Negarawan adalah pelaksana mandat re-publik secara konsekuen.
Kata
"bangsa" dalam "bangsawan" tak serta-merta merujuk pada
kata nation. Bangsawan mengalami pemajalan makna dalam lingkup sosial yang
merujuk pada keistimewaan sebuah kaum. Bangsawan, dalam sejarah, adalah
sekelompok kecil kaum yang kehidupannya bersandar pada sistem feodalisme.
Sistem yang diproduksi oleh nilai-nilai pembayangan dewa-raja ini menempatkan garis darah di atas segala-galanya. Daging yang dialiri "darah biru" adalah daging utama yang kenyal dan mahal harganya. "Bangsawan" adalah tiket hidup "Very Very Important Person" yang diberi sistem feodalisme untuk meraih kemakmuran dan kemasyhuran tanpa kerja dan keringat.
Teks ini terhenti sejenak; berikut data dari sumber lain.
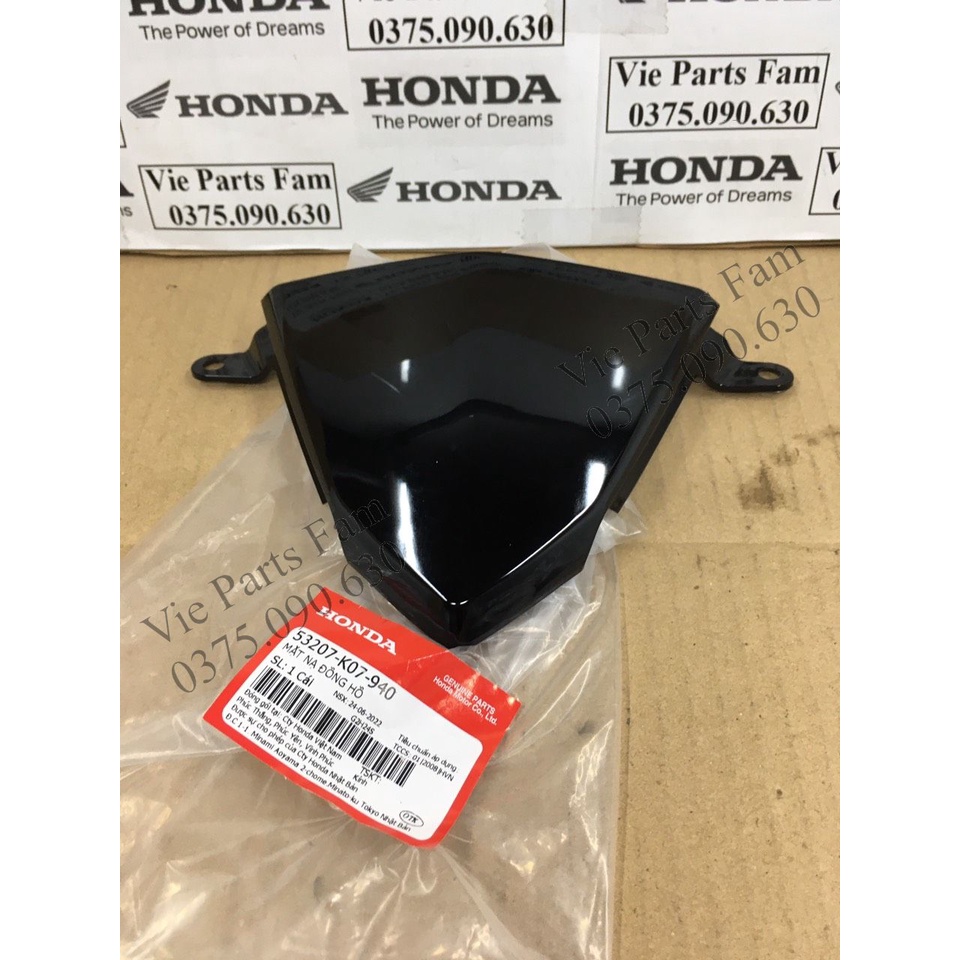 Mão chắn gió, kính chắn gió Wave RSX 110 2012-2013 , .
Sistem yang diproduksi oleh nilai-nilai pembayangan dewa-raja ini menempatkan garis darah di atas segala-galanya. Daging yang dialiri "darah biru" adalah daging utama yang kenyal dan mahal harganya. "Bangsawan" adalah tiket hidup "Very Very Important Person" yang diberi sistem feodalisme untuk meraih kemakmuran dan kemasyhuran tanpa kerja dan keringat.
Di sinilah
ambivalensinya samudra pergerakan Indonesia. Terutama saat Malaka jatuh pada
abad ke-16 dalam sebuah serangan laut dan kapitalisme VOC berdiri di daratan
rawa-rawa Batavia. Feodalisme yang menjadi sistem nilai yang sangat kuat
seketika saja mengalami catastrophe (petaka). Gegar politik dan identitas
menghantam tembok-tembok sakral oleh kolonialisme-kapitalisme yang datang dari
negeri di atas angin.
Dilema terjadi.
"Bangsawan", yang kerja sehari-harinya hanya menumpuk lemak dan lupa
memelihara nyali, lebih memilih kompromi dan menjadi sekutu kolonial yang
memiliki serdadu kuat yang ditopang teknologi perang modern. Sementara
"bangsawan" kepala batu, yang tak menginginkan tanah dan sistem
leluhurnya diacak-acak oleh gelombang kekuatan baru yang merampas kemakmuran
wilayahnya, memilih melawan sehabis-habisnya.
Untuk mengobarkan
perlawanan semesta dengan merangkul si "darah merah", bangsawan keras
kepala ini menggeser bobot perlawanan. Spektrum kepalan tangan tak lagi
bertumpu pada semangat menyelamatkan privilese (keistimewaan) sebagai
masyarakat kelas satu, melainkan melindungi kawasan dari pendudukan asing.
Perlawanan inilah
yang kemudian memaksa pemerintah kolonial memperlunak "kebijakan"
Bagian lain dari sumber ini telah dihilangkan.